[The problem]
Would you output the entries below only from the line containing "Set de pots" through the line containing "Rare Armchair 'Small", exactly as they stand and with both ends included?

[Data shown]
Segment Open

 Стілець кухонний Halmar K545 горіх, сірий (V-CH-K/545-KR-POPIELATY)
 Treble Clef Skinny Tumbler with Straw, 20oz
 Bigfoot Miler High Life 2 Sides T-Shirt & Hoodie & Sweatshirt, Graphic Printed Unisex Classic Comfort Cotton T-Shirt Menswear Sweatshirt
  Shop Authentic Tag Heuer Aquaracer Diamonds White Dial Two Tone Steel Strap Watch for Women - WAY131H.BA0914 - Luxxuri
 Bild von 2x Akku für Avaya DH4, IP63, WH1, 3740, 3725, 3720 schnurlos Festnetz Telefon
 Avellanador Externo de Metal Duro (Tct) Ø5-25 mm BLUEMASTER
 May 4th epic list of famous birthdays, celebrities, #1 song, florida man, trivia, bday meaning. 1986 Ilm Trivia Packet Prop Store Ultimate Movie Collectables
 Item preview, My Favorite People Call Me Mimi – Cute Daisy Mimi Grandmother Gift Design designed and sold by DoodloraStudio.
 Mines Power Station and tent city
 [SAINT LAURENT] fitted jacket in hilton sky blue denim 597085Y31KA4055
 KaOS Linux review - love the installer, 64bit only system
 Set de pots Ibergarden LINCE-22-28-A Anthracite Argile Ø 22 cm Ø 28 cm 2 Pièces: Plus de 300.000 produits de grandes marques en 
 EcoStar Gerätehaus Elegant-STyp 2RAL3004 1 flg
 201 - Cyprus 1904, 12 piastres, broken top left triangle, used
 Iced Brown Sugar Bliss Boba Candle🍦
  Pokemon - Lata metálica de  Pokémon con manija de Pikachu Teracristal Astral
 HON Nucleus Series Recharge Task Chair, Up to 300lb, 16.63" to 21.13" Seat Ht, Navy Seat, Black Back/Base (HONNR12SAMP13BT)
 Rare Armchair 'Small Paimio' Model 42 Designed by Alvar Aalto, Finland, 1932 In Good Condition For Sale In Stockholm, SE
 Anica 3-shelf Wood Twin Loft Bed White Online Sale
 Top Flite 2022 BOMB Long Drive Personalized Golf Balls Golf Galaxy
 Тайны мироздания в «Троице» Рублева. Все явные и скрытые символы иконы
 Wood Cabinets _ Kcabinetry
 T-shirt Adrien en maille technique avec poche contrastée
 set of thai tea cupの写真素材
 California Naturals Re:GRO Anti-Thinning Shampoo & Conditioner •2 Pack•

Segment Closed

[Problem solution]
 Set de pots Ibergarden LINCE-22-28-A Anthracite Argile Ø 22 cm Ø 28 cm 2 Pièces: Plus de 300.000 produits de grandes marques en 
 EcoStar Gerätehaus Elegant-STyp 2RAL3004 1 flg
 201 - Cyprus 1904, 12 piastres, broken top left triangle, used
 Iced Brown Sugar Bliss Boba Candle🍦
  Pokemon - Lata metálica de  Pokémon con manija de Pikachu Teracristal Astral
 HON Nucleus Series Recharge Task Chair, Up to 300lb, 16.63" to 21.13" Seat Ht, Navy Seat, Black Back/Base (HONNR12SAMP13BT)
 Rare Armchair 'Small Paimio' Model 42 Designed by Alvar Aalto, Finland, 1932 In Good Condition For Sale In Stockholm, SE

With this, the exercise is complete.